Lo scorso maggio il vicepremier Luigi Di Maio aveva affermato che la flat tax sarebbe stata realizzabile “recuperando i 300 miliardi di euro di grande evasione fiscale” e non “aumentando l’Iva” perché “sarebbe da folli”.
Il caso dell’Ungheria, Paese che ha introdotto la flat tax nel 2011, insegna che questo sistema fiscale non può non essere compensato da strumenti in grado di spostare le fonti di gettito e di assicurare una riscossione puntuale. Da un lato, l’amministrazione Orban accompagnò la riforma a una serie di stringenti controlli anti-evasione, dall’altro ha spostato l’imposizione sul fronte indiretto portando l’aliquota Iva più alta al 27%. Per Budapest la strategia ha funzionato perché, in seguito ai controlli, la platea dei cittadini che pagano imposte sui redditi si è allargata da 1,5 milioni (2011) ad oltre 4 milioni. Ma soprattutto, l’Ungheria ha potuto attirare investimenti esteri grazie all’aggressiva politica fiscale e la conseguente crescita economica ha aiutato il gettito fiscale (è stato inferiore solo nell’anno successivo all’introduzione della flat tax).

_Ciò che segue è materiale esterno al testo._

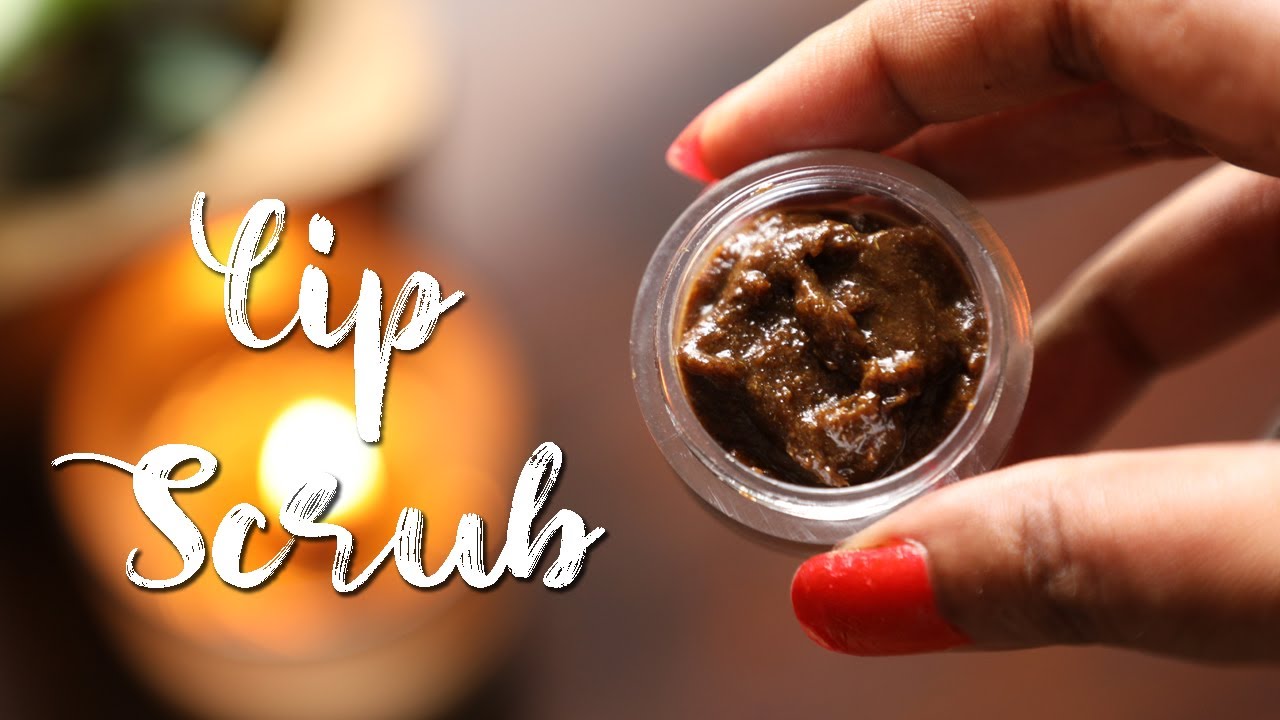 Diy Lip Scrub For Pigmentation || My Bridal Series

Le differenze di partenza fra Italia e Ungheria, però, sono evidenti e mettono in dubbio la percorribilità di una aggressiva riduzione delle imposte sui redditi. Un elemento è costituito dal costo dello stato sociale. L’Ungheria spende per la sanità un ammontare pari al 5,1% del suo Pil (2017); l’Italia il 6,8%. In protezione sociale Budapest destina il 14% del Pil, l’Italia il 20,9% (dati Eurostat). Dal 2011, anno di introduzione della flat tax, al 2017 la spesa pubblica sul Pil, in Ungheria, è diminuita dal 49.5% al 46,9% sul Pil. In secondo luogo, in Italia pesa il fenomeno dell’evasione fiscale, e il fatto che una seria lotta non giova politicamente a chi la promuove.
Ufficialmente il programma della Lega sulla tassa unica, recita: “Tolleranza zero per qualsiasi forma di evasione ed elusione fiscale e drastico aumento di controlli e sanzioni, compreso il ritiro della patente e del passaporto fino a 5 anni”. Il contratto di governo, invece, riduce il terreno d’azione ai pesci grossi: “sul piano della lotta all’evasione fiscale, l’azione è volta a inasprire l’esistente quadro sanzionatorio, amministrativo e penale, per assicurare il “carcere vero” per i grandi evasori”.
Di fatto la lotta all’evasione, fatta di strumenti di controllo pervasivi e sanzioni severe – proprie di Paesi come la Russia o l’Ungheria, entrambe dotate di flat tax – non sembra fra le priorità del governo. Resta da vedere, insomma, se gli annunci del vicepremier Di Maio sui 300 miliardi da recuperare dall’evasione, saranno destinati a trovare una seria attuazione.